Women's Armed Services Integration Act is a United States law that enabled women to serve as permanent, regular members of the armed forces in the Army, Navy, Marine Corps, and the recently formed Air Force. Prior to this act, women, with the exception of nurses, served in the military only in times of war. During World War II, over 150,000 women had served in the WAVES (the Navy) and the Women's Auxiliary Army Corps and were still serving when the act was enacted. Women also took part in the SPARS, which was created by the Coast Guard, and the Marine Corps Women's Reserve, during the war. In total, 350,000 American women joined and served during World War II. Section 502 of the act limited service of women by excluding them from aircraft and vessels of the Navy that might engage in combat.

== History ==
The bill was proposed to the 80th U. S. Congress by Margaret Chase Smith, who served in both houses of the U.S. Congress, representing the state of Maine. The bill went to Armed Services Committees of both the House and Senate in January 1948. However, there were opponents in the House who believed that women should serve in reserve capacity only. The leaders of the opposition were Walter G. Andrews, House Armed Services Committee chairman, and Carl Vinson, the committee's ranking minority member. According to Bettie Morden: "These men believed that women should not be admitted to the Regular Army until their peacetime service could be studied and observed." A counterattack was organized. When the House Armed Services Committee met for hearings on the bill on February 18, 1948, high-ranking civilian and military officials attended to argue for approval of the bill. They included Secretary of Defense James Forrestal, Dwight D. Eisenhower, General Omar Bradley, Admiral Louis Denfeld, and General Hoyt Vandenberg. For two further days, the chairman led a thorough analysis, section by section, of the bill; he questioned Women's Army Corps Director Col. Mary Hallaren and the Army's Assistant Chief of Staff Gen. Willard Paul over its contents. On March 23, 1948, The committee rejected regular status and rewrote and re-titled the bill as the "Women's Armed Services Reserve Act of 1948." On April 21, 1948, the Women's Armed Services Reserve Act reached the House floor. Supporters and opposition both had a chance to argue the bill. Voting on the revised act passed and it was sent to the Senate. But the Senate would not accept the revised bill. In May, a joint committee was convened to attempt to reach a compromise.

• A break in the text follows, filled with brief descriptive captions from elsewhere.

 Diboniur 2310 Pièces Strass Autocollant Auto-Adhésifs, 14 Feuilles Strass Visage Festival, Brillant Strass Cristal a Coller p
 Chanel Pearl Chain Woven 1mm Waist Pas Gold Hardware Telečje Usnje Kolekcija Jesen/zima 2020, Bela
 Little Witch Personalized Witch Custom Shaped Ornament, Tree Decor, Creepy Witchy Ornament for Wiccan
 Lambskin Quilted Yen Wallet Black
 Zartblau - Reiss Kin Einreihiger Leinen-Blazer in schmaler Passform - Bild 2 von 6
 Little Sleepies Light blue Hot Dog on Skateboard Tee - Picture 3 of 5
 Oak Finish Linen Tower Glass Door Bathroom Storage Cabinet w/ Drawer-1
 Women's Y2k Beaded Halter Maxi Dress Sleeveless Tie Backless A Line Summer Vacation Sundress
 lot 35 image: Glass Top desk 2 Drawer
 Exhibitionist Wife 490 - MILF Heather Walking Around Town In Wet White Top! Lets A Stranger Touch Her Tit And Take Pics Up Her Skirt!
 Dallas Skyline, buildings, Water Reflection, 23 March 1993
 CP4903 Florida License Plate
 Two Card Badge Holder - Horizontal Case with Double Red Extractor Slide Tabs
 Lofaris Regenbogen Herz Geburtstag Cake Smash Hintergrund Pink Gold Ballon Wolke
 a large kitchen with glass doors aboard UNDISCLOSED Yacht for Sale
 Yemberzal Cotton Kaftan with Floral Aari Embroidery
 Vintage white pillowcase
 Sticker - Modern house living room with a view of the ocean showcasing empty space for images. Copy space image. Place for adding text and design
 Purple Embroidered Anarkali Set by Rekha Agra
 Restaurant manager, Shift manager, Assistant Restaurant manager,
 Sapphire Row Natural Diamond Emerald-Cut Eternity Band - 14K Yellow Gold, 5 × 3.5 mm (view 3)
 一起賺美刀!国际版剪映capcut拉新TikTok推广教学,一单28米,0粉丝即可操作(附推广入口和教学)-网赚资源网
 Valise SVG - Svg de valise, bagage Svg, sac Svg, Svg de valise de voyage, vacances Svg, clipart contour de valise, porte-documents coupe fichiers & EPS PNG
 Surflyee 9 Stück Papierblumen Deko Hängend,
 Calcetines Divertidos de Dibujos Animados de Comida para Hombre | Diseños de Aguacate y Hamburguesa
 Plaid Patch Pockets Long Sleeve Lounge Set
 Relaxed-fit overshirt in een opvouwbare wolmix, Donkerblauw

The decaying situation internationally strengthened the argument for women's regular status. The Russians had gained political control over Czechoslovakia and had restricted rail and highway traffic into West Berlin. These cold war developments and the Army's inability to recruit enough men for an all-volunteer force led President Truman to ask for a peacetime draft. Some politicians, reluctant to vote for the draft, did not want their constituents to believe they had turned down a potential source of volunteers--women. For this reason, many congressmen changed their minds about permitting women to enter the Regular Army. On May 19, 1948, the House relented and agreed to women serving in both the regular and reserve components of the armed services. The original wording of the bill was restored with two amendments: a limit on the number of women in regular status between 1948 and 1950 and provision that female officers would be commissioned in multiple increments instead of just one. Morden states that "House members were satisfied that these amendments would deter indiscriminate commissioning and enlisting of women and prevent any suggestion of favored treatment."

On May 26, the Senate unanimously approved the bill. The House approved it on June 2 with a vote of 206 to 133. President Truman signed the bill on June 12, 1948.

The Navy swore in its first six women enlistees on July 7, 1948, and later that year commissioned as a lieutenant commander Frances Lois Willoughby, who had served in World War II in the Naval Reserve, its first female doctor. Hundreds began basic training in the Army before the end of the year. The Marine Corps launched its program by inducting some of its women reservists and those who served in the Marine Corps Women's Reserve in World War II. The New York Times referred to them as "'Marinettes'".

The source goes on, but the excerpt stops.